Cette série d’accusations de corruption et de fraudes fait partie d’une plus grande enquête menée par la Commission Charbonneau depuis l'automne 2011. Depuis juin 2012 et le début des audiences publiques, de nombreux scandales de corruption ont fait surface. Le témoin ayant subi le plus grand nombre d'interrogatoires a sans doute été Lino Zambito, ancien entrepreneur du bâtiment et dirigeant d'Infrabec, déjà poursuivi et accusé de corruption dans ce même secteur. C’est lui qui a révélé, en octobre 2012, le financement illégal du Parti Libéral du Québec (PLQ) de Gérald Tremblay, en échange de l’octroi de contrats immobiliers à Montréal. Il s’agissait notamment de compagnies de réfection des égouts qui devaient verser 3% de la valeur des contrats obtenus au parti. Lino Zambito a également accusé Frank Zampino et Robert Abdallah - deux hommes bien connus de l’administration Tremblay - d’avoir été les principaux « chefs d’orchestre » de ce trafic d’argent, dont Tremblay avait connaissance. Reste que Montréal n’est pas l’unique « terrain de corruption » pointé du doigt par Zambito. Ce dernier a aussi porté des accusations contre Gilles Vaillancourt, ancien maire démissionaire de Laval, troisième ville du Québec.

Démissions à Laval

Le scénario a été le même dans la ville de Laval. Le maire, Gilles Vaillancourt, avait aussi annoncé sa démission le 9 novembre 2012, suite aux accusations de corruption et collusions portées à son encontre devant la Commission Charbonneau.

Vendredi 28 juin, son remplaçant, le maire par intérim Alexandre Duplessis, élu le 23 novembre 2012, a aussi annoncé sa démission. Depuis plusieurs semaines, il fait l’objet des mêmes accusations de corruption que son prédécesseur. Un nouveau scandale s'est récemment ajouté à la liste, réduisant sa réputation à néant : Duplessis aurait été dénoncé après avoir sollicité ou reçu des faveurs sexuelles d’une escort girl, fait qu'il a immédiatement nié. Selon lui, Duplessis n'aurait pas sollicité les services d'une escort girl mais aurait été victime d'une tentative d'extorsion de fonds. Sous la pression de l'opinion publique, il a quitté ses fonctions à la fin du mois de juin. Ainsi, à l’exemple de Montréal, la ville de Laval doit maintenant trouver un nouveau maire pour assurer l'intérim jusqu’aux élections municipales de novembre 2013.

Cependant, contrairement à Montréal, la ville de Laval a déjà été mise sous tutelle depuis le 3 juin.
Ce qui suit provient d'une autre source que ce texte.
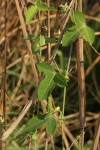 Basananthe triloba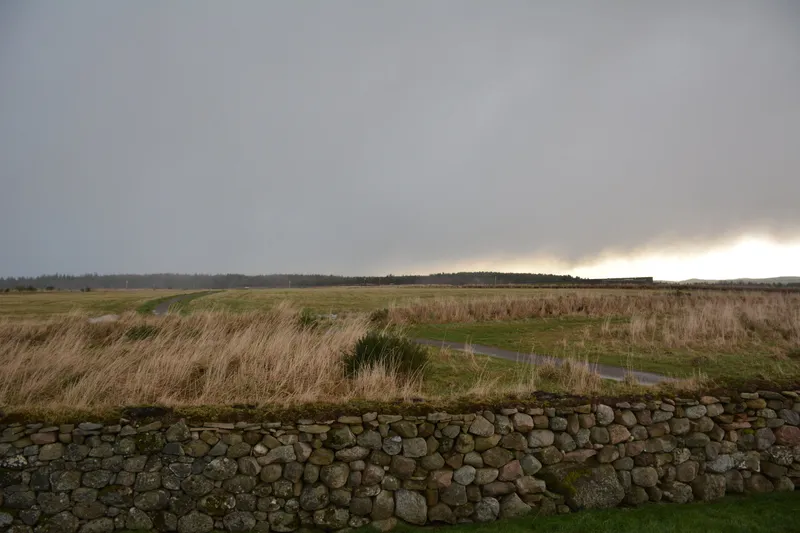 Culloden Moor.JPG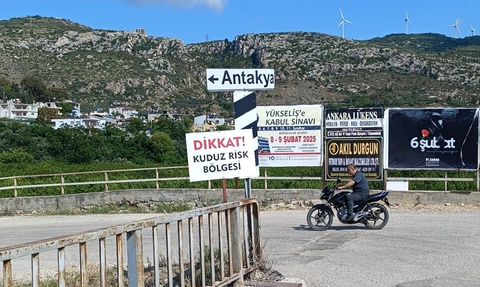 Hatay'da Kuduz Karantinası: Sahipsiz Köpekler Toplanıyor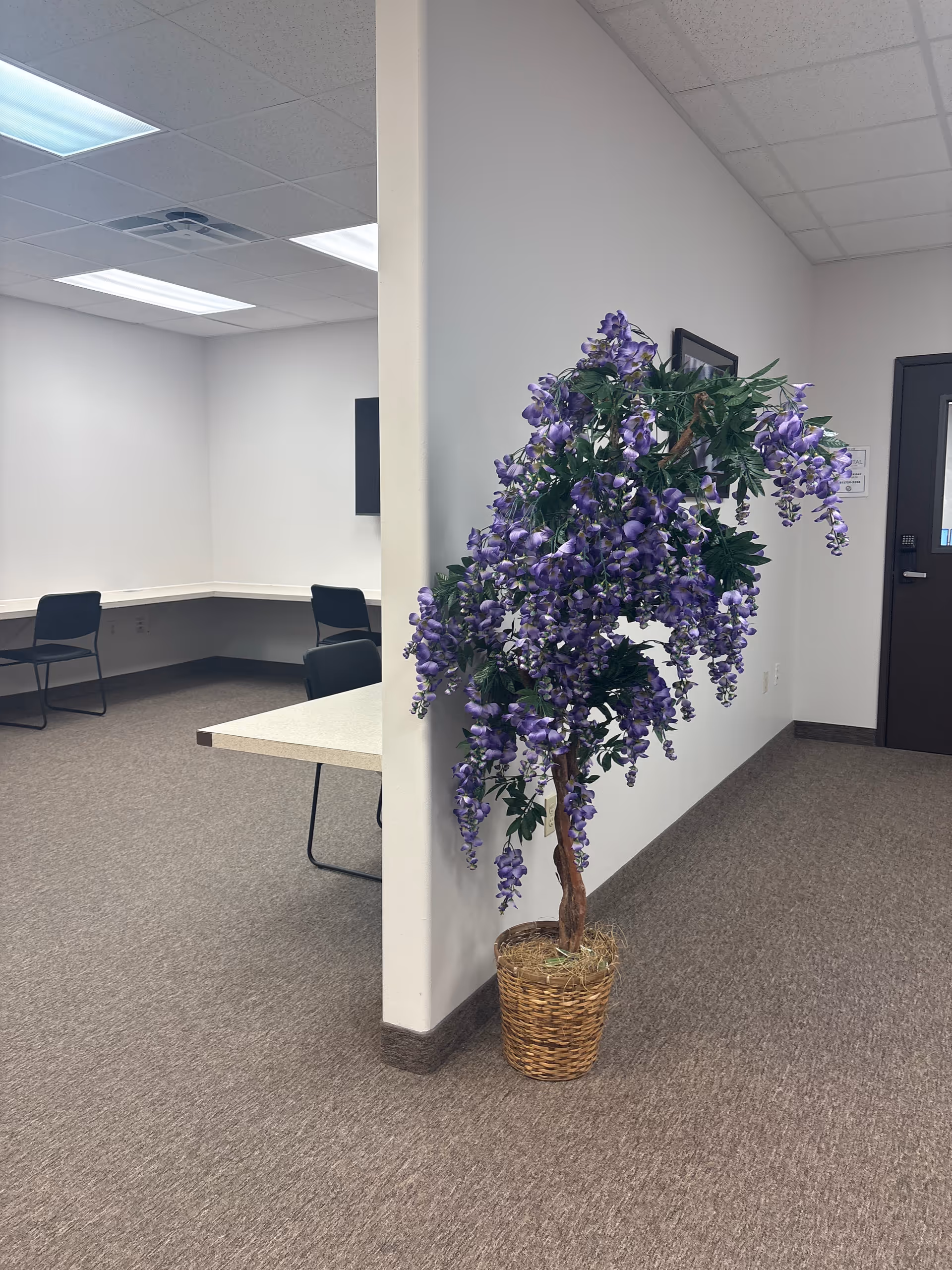 Interior hallway with a potted purple flowering plant in a wicker basket.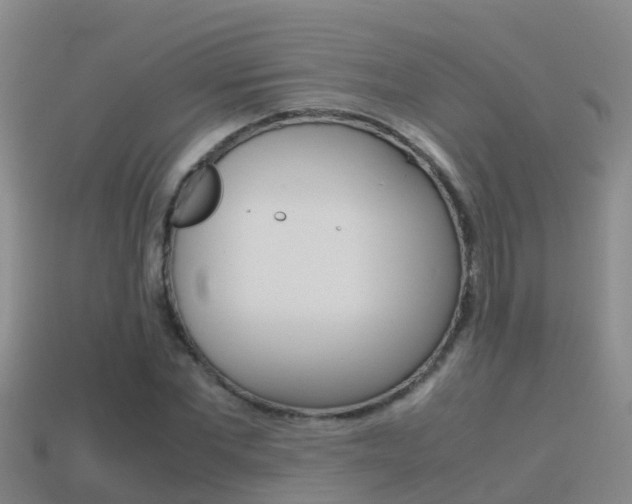 X0000115500877200911061020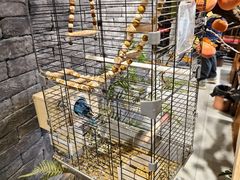 -许老八包子铺羊汤馆(绿地世纪城店)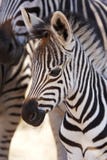 Burchells Zebra Foal With Mother Royalty Free Stock Photography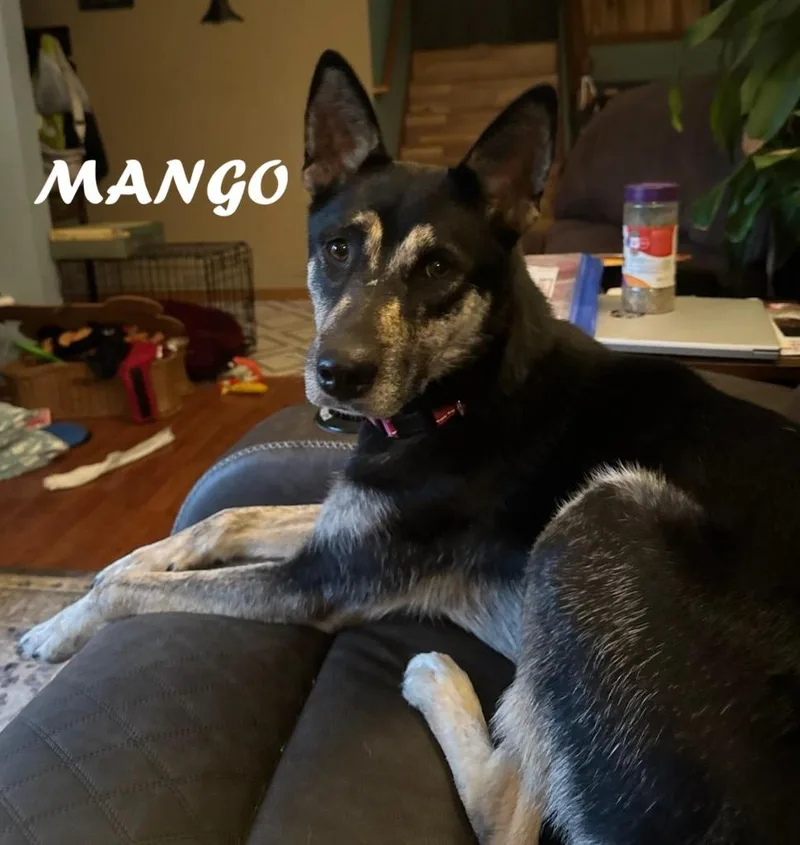 Mango
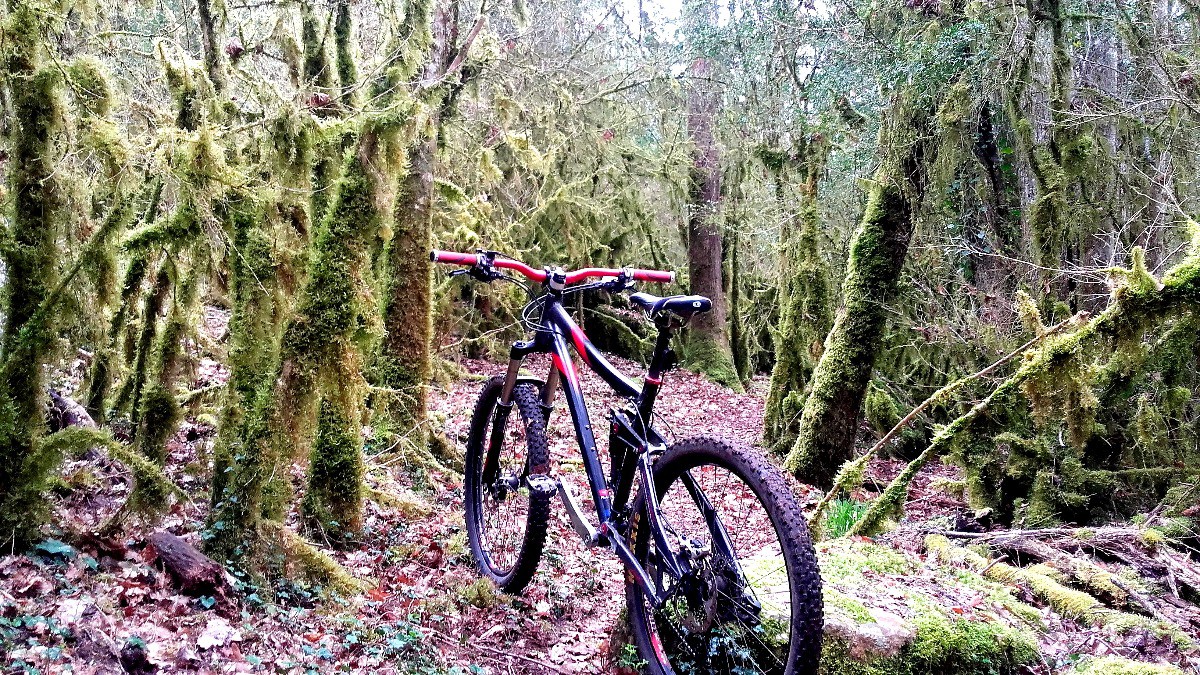 #3 la jungle la jungle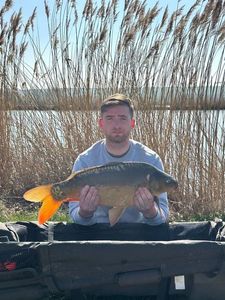 Mirror Carp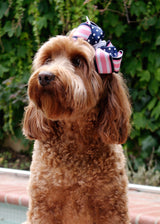 DOTTY STRIPES IN PINK AND BLUE HAIR CLIP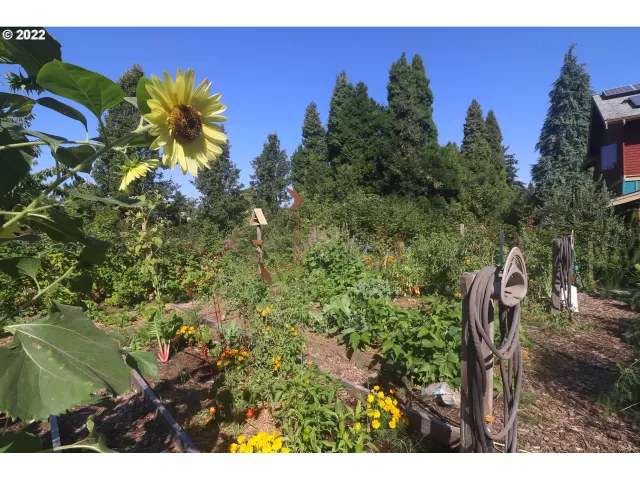 MLS: 22599534 Condo For Sale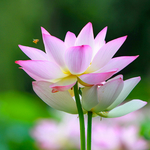 荷花 小蜜蜂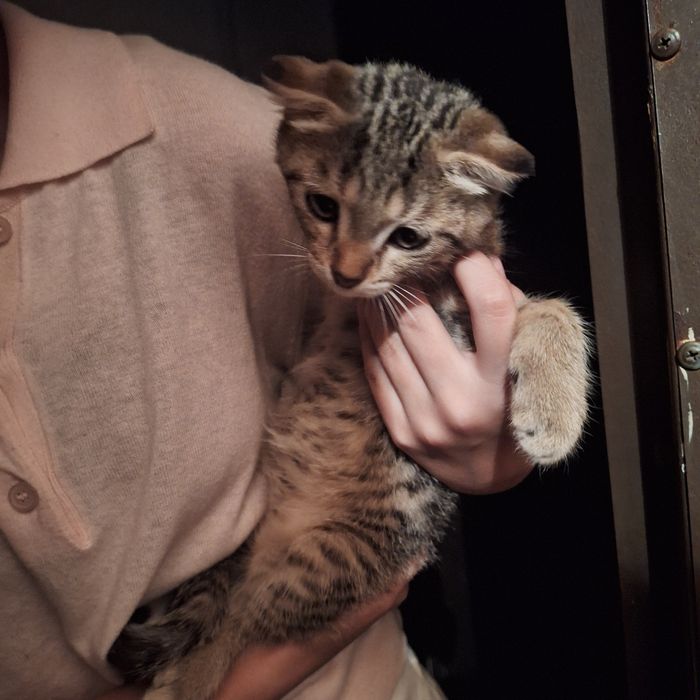 Бесплатно котёнок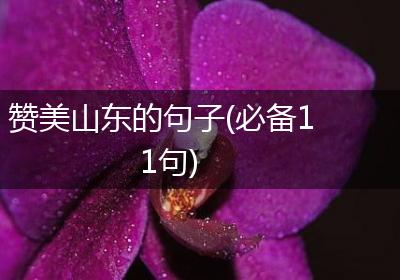 赞美山东的句子(必备11句)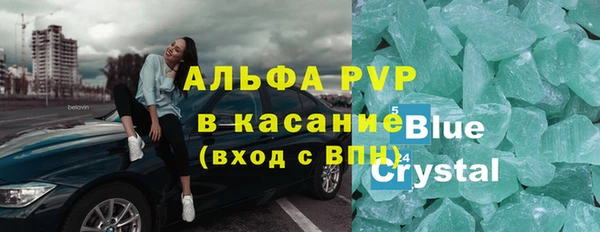 стаф Арсеньев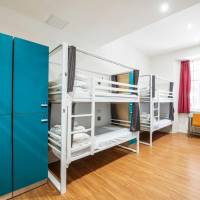 Bed in 8-Bed Dormitory Room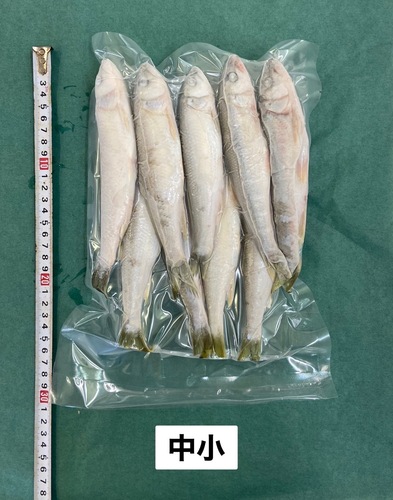 ハス冷凍中小(10-20cm)20入約10kg(沿岸)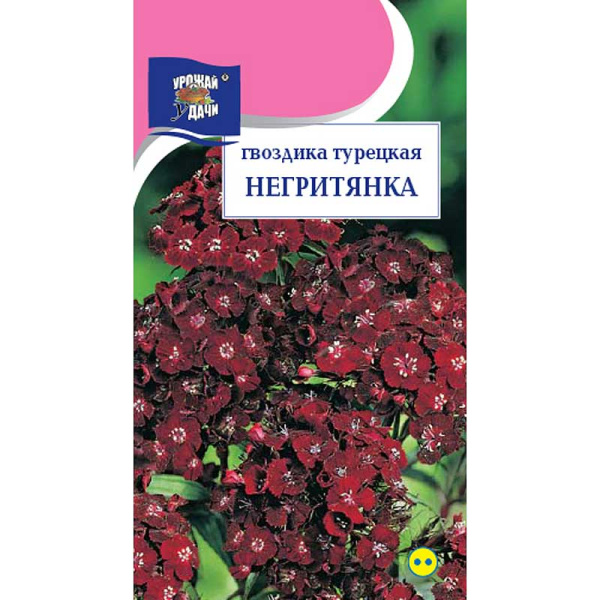 Гвоздика Негритянка Урожай у дачи Ц 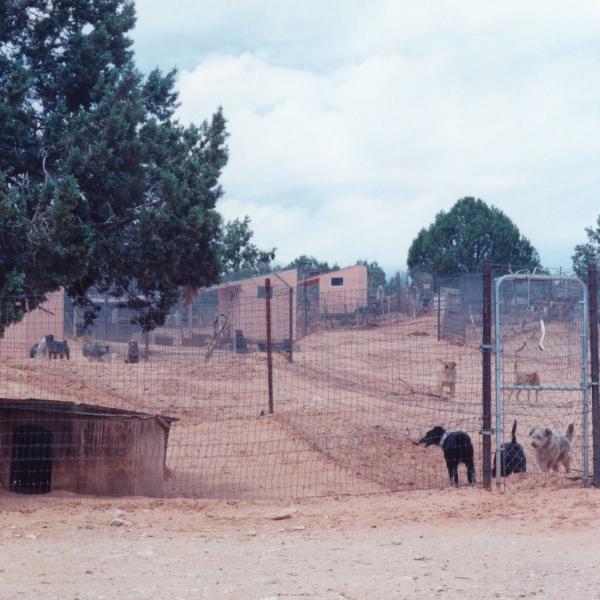 Outside fenced area with shelters in old Dogtown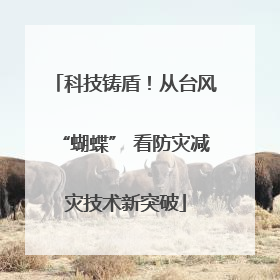 科技铸盾！从台风“蝴蝶” 看防灾减灾技术新突破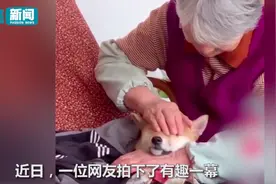 可爱！柴犬被姥姥强制捂眼睛午睡，网友：有一种困，叫姥姥觉得你困图片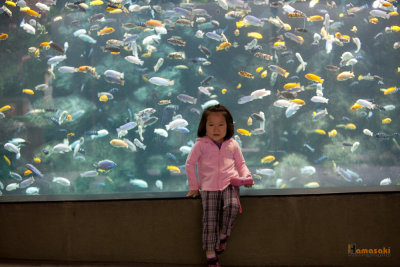 Zoo-10.jpg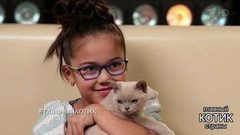Кошачья мечта участницы шоу «Лучше всех!». Главный котик страны. Фрагмент выпуска от 22.10.2017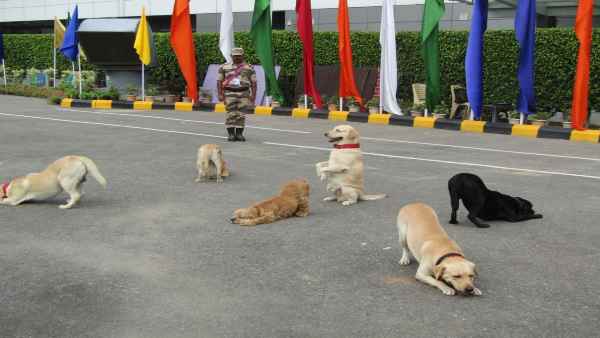 इंडियन ब्रीड के डॉग्स को पीएम ने सराहा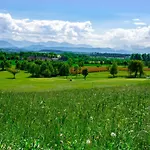 奥格高尔夫酒店 度假村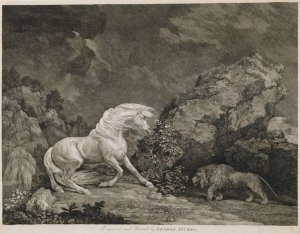 A Horse Affrighted by a Lion, engraved by the artist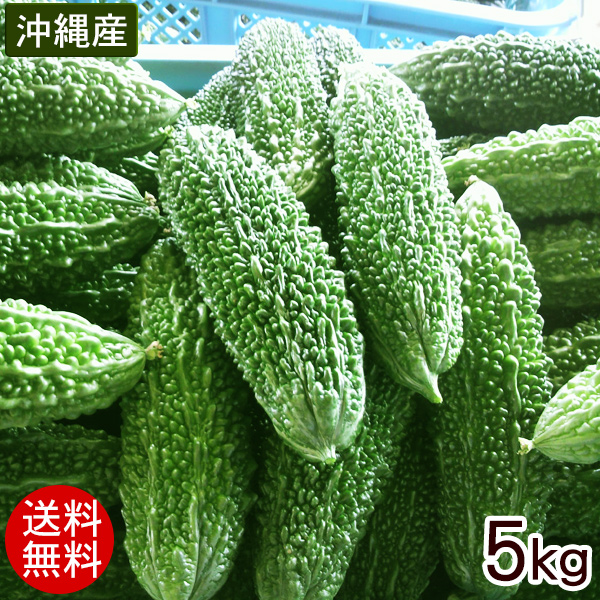 【楽天市場】沖縄産 ゴーヤー 約3kg（10〜15本）【送料無料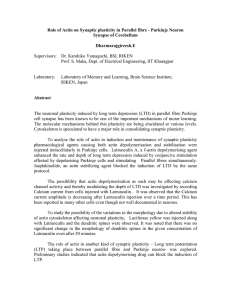 Actin , Synaptic plasticity in Parallel fibre-Purkinje Neuron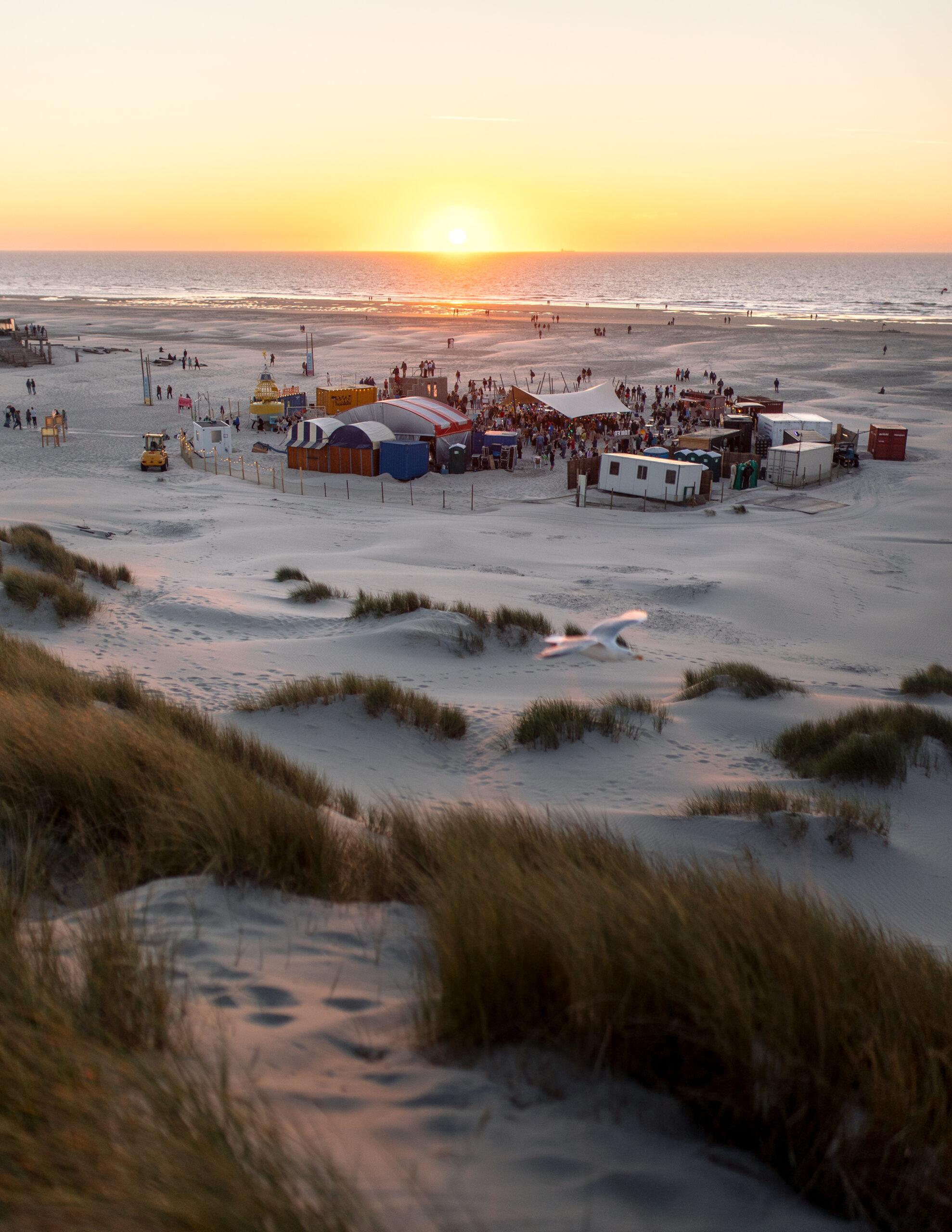 Oerol Festival on Terschelling reflects with contentment on the 42nd edition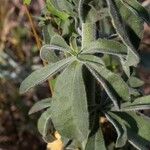 Silene exaltata Leaf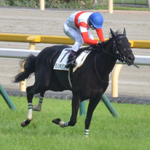 ダノンキングリー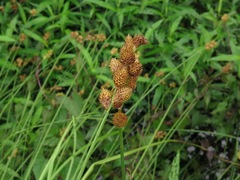 Carex alata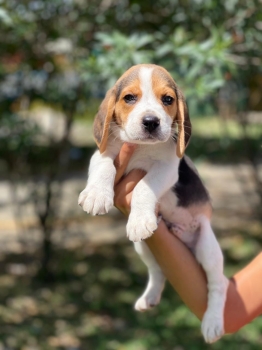 Beagle.  macho
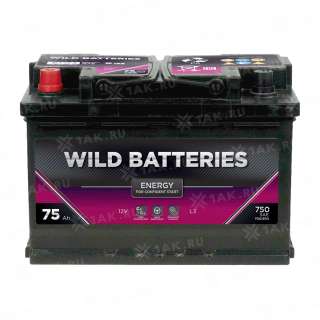 Аккумулятор Wild Batteries (75 Ач, 12 V) Прямая, L+ L3 арт.WB751E Аккумулятор Wild Batteries (75 Ач, 12 V) Прямая, L+ L3 арт.WB751E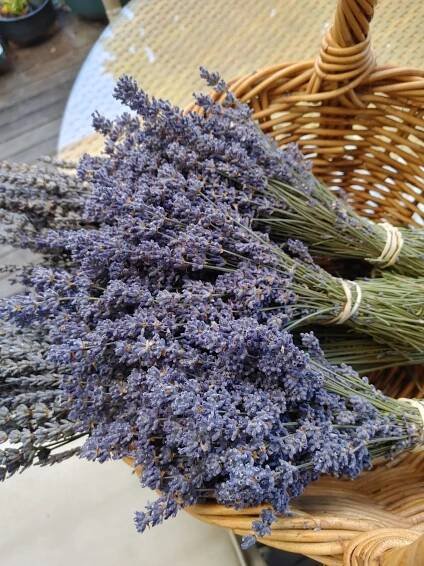 Lavender bunches - Egerton Blue2024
Conséquence des nombreux scandales dont ont fait l'objet les derniers occupants de la mairie : la ville est placée sous contrôle de la Commission municipale du Québec (CMQ) et ce, jusqu’à nouvel ordre. Cette mise sous tutelle prévoit l’approbation finale de la CMQ sur toutes les décisions prises par le conseil municipal. Concernant Montréal, la mise sous tutelle a été exclue par la Première Ministre Pauline Marois et par Sylvain Gaudreault, considérant les deux cas comme « différents ».

Blanchard va-t-il tenir bon ?

L’élection de Laurent Blanchard aurait, pour le moment, écarté la possibilité d’une mise sous tutelle de la ville de Montréal. Ce dernier aurait promis de vouloir « maintenir en place l’administration de la coalition jusqu’aux prochaines élections municipales ». Au vu de l’échec subit par Alexandre Duplessis, et étant donné les nombreux scandales dévoilés par la Commission Charbonneau, il serait préférable de rester méfiant vis-à-vis de telles affirmations. Si le futur reste incertain, une chose est sûre : la confiance des citoyens lavallois et montréalais envers leurs élus est de plus en plus fragile, pendant qu’ils attendent, avec lassitude, la venue du prochain scandale.